Now they’ve really made it their own thing. Supposedly, balancing the hats helps their posture and back health. At social gatherings, women will spend as much as $1000 on imported italian made hats. If they wear their hat straight atop their head, they are married or in a serious relationship. If they wear it to the side, they are single/divorced/widowed, free to lift their skirts to show off a bit of calf to potential suitors: a very sexy part of the Aymara female body, second only to the wide, child-bearing hips that are exaggerated by seven thick layers of skirt, and a false belly ponch that they might wear as well.

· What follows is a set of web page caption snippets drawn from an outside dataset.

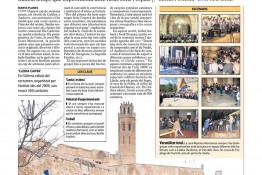 Segre 26-04-2015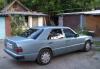 Превью Mercedes E-klasse, 1992 Таганрог - 2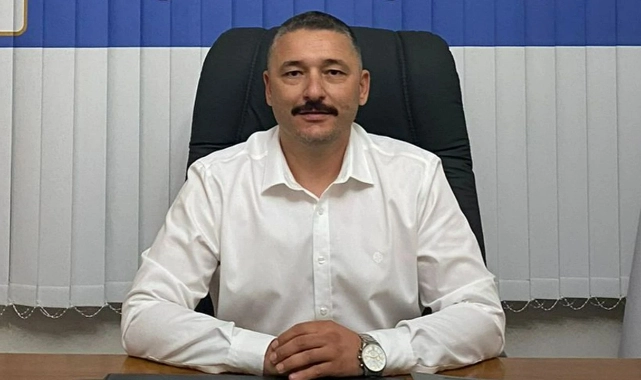 Beş kardeş yangında can vermişti: AK Partili Bayraklı’dan bakanlık savunması!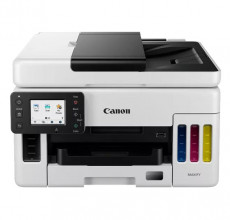Купить  Canon MAXIFY GX7040
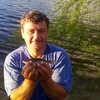 Александр, 46, г.Губкинский (Ямало-Ненецкий АО) Александр, 46, г.Губкинский (Ямало-Ненецкий АО)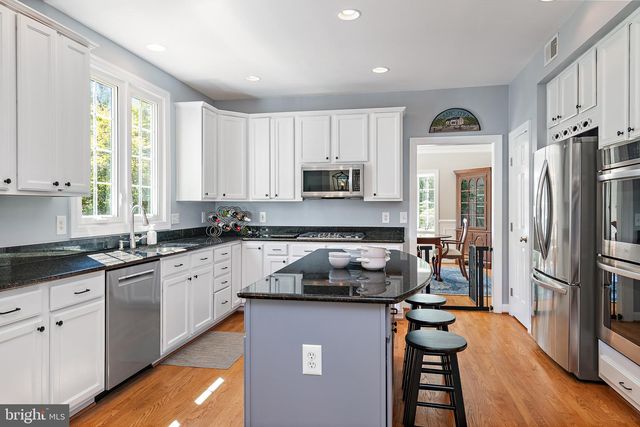 2103 BELL TOWER DR, Crownsville, MD 21032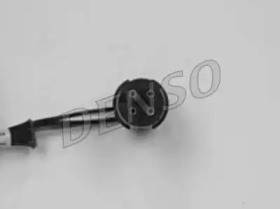 Датчик кисню Denso DOX-1099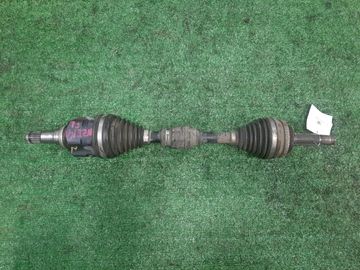 ПРИВОД НА TOYOTA COROLLA FIELDER NZE144G 1NZ-FE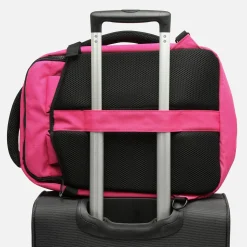 Mochila para portátil (15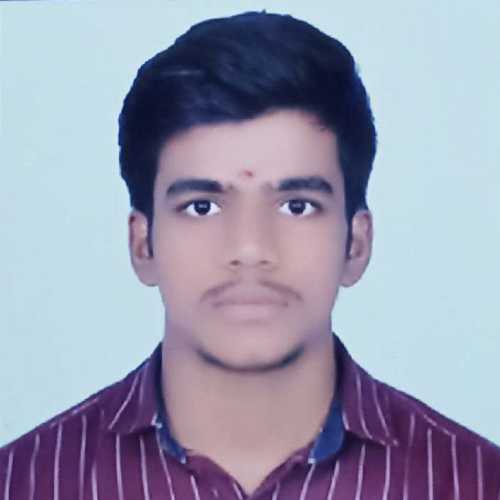 Profile-Photo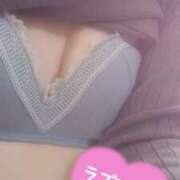 ヒメ日記 2025/12/21 19:37 投稿 ちか You&Me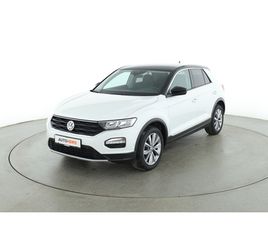1.5 TSI ACT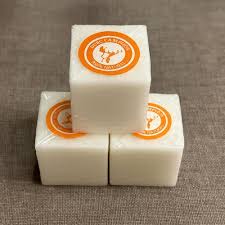 camphor brocks for spiritual purification and cleaning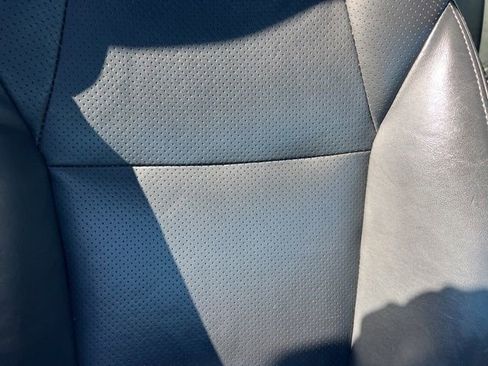 Used 2001 Acura CL Type-S image 35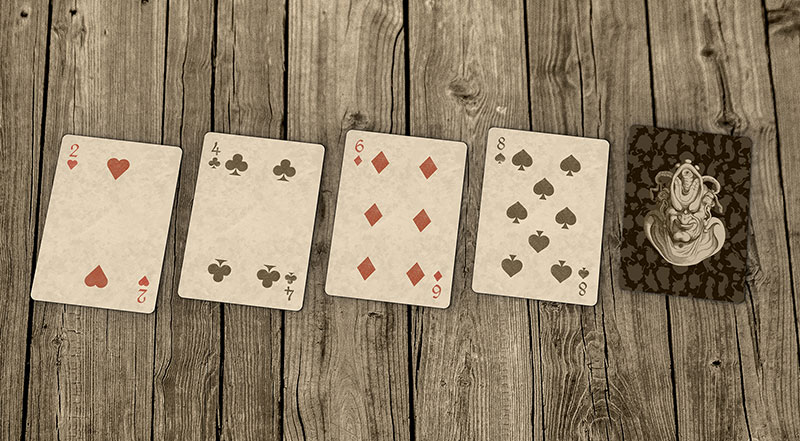 04-papyrus-edition-6-cards.jpg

They are the main bread-winners in the family, are very hard working, and are easily made jealous of each other. When they are selling things in the market, there is a concept called casera which is what you call the woman from whom you ALWAYS buy your vegetables/fruit/cheese/spices. As a Bolivian, you have one casera for each. For example, if you were to buy bananas from one woman and then try to buy grapes from another, the second woman may refuse you wondering why HER fruit wasn’t good enough for you earlier. If, after being rejected, you then go back to the first one and try to buy grapes, she’ll wonder why you weren’t happy enough with the bananas she sold you before to buy her grapes as well.

Worth mentioning: they actually have Cholitas Wrestling as entertainment in La Paz.

Also included in the tour was a bit of history of Bolivia’s presidents. You wouldn’t believe how many of them were thrown off the balcony of the presidential palace and killed. Recently.

On a lighter note, we were told about a great and rather funky initiative from the government: young volunteers from orphanages dress up in zebra costumes to help people cross busy streets, where cars don’t normally stop at red lights. The government gives them a full salary for this job, as long as the kids keep their school grades up.

The tour guides may have also mentioned some details about modern-day human sacrifice for construction projects. It’s all a bit crazy. For more stories from this tour, just pour us a drink!

The city itself is quite an amazing site to see. It’s the highest capital in the world, and sits in a steep bowl surrounded by mountains. They’ve just recently opened a series of gondolas that transport people across the city, overhead. They have plans to open several more, and become the city of gondolas. Cool, no?

We hopped on the red line to get a view of the city from above.

The city also has loads and loads of outdoor markets, selling everything from food to textiles to llama fetuses and witchy potions.

It’s been a very fun city to explore, with an incredible history. But it’s time for us to move on. From La Paz we will take mountain bikes through the World’s Most Dangerous Road out to the small town of Coroico. I have to admit, I’m a bit nervous about this road. Cliffs really scare me.